▸ Exercise instructions:
Reproduce every entry that follows word for word, but omit the images.

▸ Stored data:
BEGIN
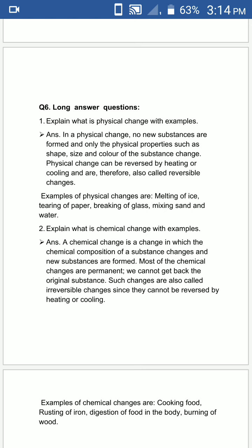Most of the chemical changes are permanent and we cannot get back the original substance, so the other name is irreversible changes. Examples of chemical changes are: cooking food, rusting of iron, digestion of food in the body, and burning of wood.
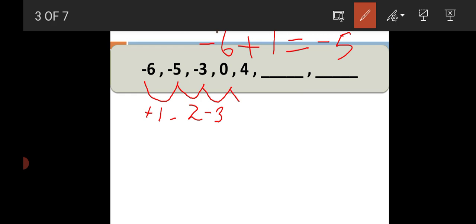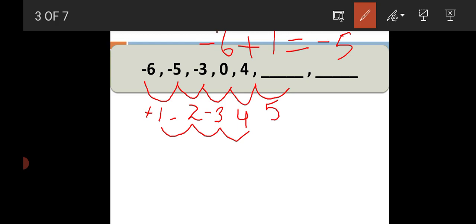Now you can see: 0 — what is plus? 4. So this means this sequence is going: we have first 1 plus, then 2 plus, then 3 plus, then 4 plus. Now we will plus 5. So our next term will be 4 plus 5, answer is 9. Now we will plus 6, so 9 plus 6 is equal to 15.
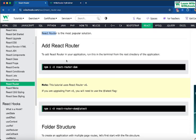The first thing you need to do is add the React Router library to your project folder. To do that, you use the command: npm install react-router-dom. Make sure you run this command in your VS Code terminal to include React Router into your npm project.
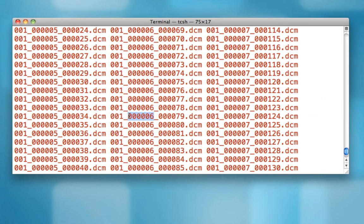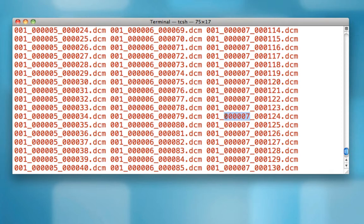These are indexed by this middle column right here. So this is run number six. For example, this is run number five. This is run number seven. Now in this experiment, the first four runs were setup runs, and then we had two functional runs, which are five and six, and then an anatomical scan, which is run number seven.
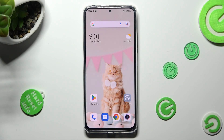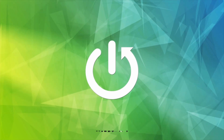Hi, in front of me is Redmi Note 11 Pro and today I would like to show you how you can install and apply animated live wallpaper called Magic Fluid.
END
▸ Answer area:
Most of the chemical changes are permanent and we cannot get back the original substance, so the other name is irreversible changes. Examples of chemical changes are: cooking food, rusting of iron, digestion of food in the body, and burning of wood.
Now you can see: 0 — what is plus? 4. So this means this sequence is going: we have first 1 plus, then 2 plus, then 3 plus, then 4 plus. Now we will plus 5. So our next term will be 4 plus 5, answer is 9. Now we will plus 6, so 9 plus 6 is equal to 15.
The first thing you need to do is add the React Router library to your project folder. To do that, you use the command: npm install react-router-dom. Make sure you run this command in your VS Code terminal to include React Router into your npm project.
These are indexed by this middle column right here. So this is run number six. For example, this is run number five. This is run number seven. Now in this experiment, the first four runs were setup runs, and then we had two functional runs, which are five and six, and then an anatomical scan, which is run number seven.
Hi, in front of me is Redmi Note 11 Pro and today I would like to show you how you can install and apply animated live wallpaper called Magic Fluid.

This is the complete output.